=== Source data ===
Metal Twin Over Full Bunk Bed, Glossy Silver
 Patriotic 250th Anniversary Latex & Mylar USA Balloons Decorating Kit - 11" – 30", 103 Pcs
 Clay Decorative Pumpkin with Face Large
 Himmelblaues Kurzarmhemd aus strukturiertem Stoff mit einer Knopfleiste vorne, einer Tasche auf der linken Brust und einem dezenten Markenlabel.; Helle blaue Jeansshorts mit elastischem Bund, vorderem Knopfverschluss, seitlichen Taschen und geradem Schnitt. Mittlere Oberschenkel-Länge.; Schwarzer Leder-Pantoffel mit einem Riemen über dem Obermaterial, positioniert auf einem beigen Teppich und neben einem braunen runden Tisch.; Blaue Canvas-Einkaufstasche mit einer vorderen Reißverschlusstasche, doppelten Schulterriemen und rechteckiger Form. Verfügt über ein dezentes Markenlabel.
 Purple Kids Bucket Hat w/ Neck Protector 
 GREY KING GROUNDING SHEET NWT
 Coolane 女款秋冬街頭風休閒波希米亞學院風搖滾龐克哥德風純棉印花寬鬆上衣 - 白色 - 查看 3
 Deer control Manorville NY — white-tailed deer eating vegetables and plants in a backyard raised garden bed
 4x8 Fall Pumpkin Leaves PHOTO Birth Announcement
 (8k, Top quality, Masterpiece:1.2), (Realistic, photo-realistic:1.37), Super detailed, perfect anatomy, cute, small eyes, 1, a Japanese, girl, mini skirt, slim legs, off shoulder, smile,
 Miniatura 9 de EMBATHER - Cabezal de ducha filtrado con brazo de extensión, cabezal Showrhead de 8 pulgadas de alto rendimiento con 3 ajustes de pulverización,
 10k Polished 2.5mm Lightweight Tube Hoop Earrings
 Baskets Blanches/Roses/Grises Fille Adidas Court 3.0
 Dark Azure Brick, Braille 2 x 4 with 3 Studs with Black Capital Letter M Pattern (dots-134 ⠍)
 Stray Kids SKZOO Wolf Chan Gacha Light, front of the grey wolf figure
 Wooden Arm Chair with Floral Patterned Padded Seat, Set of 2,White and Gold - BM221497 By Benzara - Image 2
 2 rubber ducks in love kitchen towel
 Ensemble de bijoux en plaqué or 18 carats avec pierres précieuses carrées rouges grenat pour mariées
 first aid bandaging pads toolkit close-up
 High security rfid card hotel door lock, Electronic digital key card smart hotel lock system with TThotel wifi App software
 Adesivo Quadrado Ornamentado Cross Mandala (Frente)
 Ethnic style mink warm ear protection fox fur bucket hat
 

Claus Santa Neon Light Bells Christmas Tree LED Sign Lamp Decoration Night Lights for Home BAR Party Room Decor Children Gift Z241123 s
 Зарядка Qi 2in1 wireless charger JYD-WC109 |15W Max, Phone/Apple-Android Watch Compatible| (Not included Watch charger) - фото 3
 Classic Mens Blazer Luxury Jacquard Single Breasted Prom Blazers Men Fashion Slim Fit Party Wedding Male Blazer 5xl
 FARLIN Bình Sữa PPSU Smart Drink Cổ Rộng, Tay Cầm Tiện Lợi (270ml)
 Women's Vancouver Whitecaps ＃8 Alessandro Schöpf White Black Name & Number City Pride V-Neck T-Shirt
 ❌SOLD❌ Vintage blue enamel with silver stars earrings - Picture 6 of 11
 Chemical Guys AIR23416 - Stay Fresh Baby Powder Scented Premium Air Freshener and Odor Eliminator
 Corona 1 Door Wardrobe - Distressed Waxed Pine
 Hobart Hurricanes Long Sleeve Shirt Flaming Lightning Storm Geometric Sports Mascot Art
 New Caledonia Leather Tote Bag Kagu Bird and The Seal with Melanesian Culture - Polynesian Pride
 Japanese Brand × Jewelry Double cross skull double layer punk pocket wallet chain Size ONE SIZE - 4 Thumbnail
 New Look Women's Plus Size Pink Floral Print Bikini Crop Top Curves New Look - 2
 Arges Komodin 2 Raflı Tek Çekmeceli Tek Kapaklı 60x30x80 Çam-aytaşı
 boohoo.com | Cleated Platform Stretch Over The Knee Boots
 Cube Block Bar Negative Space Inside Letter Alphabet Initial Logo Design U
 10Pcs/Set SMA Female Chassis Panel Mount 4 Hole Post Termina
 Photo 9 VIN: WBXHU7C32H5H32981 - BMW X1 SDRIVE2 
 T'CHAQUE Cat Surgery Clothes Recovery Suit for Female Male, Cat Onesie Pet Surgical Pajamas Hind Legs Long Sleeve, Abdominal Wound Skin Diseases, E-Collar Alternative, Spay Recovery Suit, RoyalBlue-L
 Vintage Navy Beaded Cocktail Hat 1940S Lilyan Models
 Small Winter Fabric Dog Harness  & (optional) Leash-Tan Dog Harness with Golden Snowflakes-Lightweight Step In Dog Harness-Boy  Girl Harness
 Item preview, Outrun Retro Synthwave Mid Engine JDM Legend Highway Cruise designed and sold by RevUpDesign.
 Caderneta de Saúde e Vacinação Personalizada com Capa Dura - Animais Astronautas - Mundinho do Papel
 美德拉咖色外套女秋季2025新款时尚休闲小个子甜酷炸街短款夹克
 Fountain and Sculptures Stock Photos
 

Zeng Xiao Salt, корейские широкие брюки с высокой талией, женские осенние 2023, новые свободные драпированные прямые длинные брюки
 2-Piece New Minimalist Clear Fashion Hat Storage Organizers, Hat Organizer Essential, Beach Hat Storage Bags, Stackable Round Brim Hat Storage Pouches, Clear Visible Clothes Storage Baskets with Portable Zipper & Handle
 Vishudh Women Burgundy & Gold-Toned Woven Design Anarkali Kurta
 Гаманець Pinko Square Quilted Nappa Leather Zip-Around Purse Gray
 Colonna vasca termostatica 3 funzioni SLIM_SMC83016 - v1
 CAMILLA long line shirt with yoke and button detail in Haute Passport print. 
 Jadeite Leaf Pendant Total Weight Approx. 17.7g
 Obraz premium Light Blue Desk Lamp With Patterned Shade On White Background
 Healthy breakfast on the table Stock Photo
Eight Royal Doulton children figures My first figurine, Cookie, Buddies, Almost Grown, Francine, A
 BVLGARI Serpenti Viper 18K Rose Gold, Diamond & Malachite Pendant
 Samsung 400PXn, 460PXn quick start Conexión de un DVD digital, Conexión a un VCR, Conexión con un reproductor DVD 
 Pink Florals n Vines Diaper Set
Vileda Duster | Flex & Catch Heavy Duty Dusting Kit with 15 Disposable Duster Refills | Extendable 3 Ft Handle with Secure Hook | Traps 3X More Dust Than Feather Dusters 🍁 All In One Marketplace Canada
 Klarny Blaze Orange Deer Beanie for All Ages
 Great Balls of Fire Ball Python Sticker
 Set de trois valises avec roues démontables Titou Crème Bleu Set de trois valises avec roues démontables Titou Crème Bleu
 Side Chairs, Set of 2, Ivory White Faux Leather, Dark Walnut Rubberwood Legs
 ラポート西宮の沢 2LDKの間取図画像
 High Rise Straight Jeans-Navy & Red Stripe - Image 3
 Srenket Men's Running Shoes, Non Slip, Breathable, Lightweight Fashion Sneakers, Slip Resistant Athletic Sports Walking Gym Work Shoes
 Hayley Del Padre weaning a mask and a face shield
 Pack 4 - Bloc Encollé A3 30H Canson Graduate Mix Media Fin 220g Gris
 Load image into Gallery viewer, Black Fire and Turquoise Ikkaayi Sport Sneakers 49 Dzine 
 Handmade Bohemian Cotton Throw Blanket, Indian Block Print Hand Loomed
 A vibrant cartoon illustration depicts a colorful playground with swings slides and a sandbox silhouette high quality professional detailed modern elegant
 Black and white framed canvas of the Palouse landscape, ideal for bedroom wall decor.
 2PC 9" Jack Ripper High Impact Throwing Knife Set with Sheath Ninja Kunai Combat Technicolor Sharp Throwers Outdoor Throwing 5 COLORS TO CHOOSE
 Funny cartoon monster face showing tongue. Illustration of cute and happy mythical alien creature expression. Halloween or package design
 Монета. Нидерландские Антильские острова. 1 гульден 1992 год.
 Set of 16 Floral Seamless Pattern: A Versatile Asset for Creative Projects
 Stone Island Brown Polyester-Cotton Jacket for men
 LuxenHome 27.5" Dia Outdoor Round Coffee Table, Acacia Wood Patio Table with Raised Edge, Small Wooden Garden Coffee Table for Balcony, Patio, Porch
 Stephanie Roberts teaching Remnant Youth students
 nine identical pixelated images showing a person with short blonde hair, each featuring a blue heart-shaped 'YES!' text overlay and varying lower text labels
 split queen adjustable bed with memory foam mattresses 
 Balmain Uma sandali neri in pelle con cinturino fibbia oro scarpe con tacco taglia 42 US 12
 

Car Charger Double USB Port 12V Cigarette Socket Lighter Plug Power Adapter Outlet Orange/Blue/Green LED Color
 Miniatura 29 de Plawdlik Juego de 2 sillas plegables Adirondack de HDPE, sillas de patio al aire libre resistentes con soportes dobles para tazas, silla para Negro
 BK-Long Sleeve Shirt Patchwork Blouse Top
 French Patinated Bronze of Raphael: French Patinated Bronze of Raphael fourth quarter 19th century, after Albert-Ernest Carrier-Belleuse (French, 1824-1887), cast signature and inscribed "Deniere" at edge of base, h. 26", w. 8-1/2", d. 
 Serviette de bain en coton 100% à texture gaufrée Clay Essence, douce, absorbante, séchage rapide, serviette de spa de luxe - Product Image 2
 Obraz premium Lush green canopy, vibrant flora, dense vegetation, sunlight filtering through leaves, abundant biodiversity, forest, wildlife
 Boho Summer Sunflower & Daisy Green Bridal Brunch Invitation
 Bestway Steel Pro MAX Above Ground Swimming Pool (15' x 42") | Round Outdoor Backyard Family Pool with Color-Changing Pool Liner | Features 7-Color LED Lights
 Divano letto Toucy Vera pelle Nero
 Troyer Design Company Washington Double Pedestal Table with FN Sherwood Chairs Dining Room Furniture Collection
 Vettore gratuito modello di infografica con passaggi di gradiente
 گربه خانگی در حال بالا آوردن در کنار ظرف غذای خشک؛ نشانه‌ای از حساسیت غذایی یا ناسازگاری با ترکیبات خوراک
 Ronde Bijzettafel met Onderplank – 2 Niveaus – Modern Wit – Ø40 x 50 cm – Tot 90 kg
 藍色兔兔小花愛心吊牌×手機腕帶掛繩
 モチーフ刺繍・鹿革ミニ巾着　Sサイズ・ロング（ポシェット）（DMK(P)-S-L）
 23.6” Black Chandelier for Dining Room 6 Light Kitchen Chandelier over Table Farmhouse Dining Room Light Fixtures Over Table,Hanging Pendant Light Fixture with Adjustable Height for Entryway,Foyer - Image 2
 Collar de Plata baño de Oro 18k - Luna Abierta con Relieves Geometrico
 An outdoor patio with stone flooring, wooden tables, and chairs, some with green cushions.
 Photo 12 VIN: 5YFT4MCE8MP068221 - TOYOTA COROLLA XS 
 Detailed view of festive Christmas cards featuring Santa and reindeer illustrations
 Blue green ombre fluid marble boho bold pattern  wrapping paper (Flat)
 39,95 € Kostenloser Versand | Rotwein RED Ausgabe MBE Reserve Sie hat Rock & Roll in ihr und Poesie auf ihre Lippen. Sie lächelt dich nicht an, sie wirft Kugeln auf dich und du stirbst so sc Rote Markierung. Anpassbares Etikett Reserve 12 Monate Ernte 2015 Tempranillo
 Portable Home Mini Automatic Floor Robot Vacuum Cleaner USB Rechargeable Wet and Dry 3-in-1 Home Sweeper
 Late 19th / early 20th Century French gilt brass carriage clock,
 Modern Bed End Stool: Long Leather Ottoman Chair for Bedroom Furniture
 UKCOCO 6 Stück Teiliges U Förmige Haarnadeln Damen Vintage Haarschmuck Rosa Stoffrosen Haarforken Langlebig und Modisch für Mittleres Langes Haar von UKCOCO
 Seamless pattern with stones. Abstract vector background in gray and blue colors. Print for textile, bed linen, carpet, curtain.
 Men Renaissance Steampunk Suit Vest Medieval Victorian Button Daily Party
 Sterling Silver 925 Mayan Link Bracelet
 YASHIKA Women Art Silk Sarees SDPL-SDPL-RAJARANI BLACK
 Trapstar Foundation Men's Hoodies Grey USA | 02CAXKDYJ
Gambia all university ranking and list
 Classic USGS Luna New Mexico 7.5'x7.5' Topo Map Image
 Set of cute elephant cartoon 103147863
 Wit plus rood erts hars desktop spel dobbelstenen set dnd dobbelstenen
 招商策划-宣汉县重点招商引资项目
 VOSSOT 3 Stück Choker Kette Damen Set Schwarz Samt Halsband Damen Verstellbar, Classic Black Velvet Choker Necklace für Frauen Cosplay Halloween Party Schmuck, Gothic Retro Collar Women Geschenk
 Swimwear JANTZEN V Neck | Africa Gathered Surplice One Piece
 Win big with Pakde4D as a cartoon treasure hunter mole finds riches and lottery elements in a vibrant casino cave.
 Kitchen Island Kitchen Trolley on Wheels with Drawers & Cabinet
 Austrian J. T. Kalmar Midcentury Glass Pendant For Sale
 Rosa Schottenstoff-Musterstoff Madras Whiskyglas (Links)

=== Assigned task ===
Tally the lines of the material in which the word "Damen" appears. Output the count alone.

=== Final answer ===
2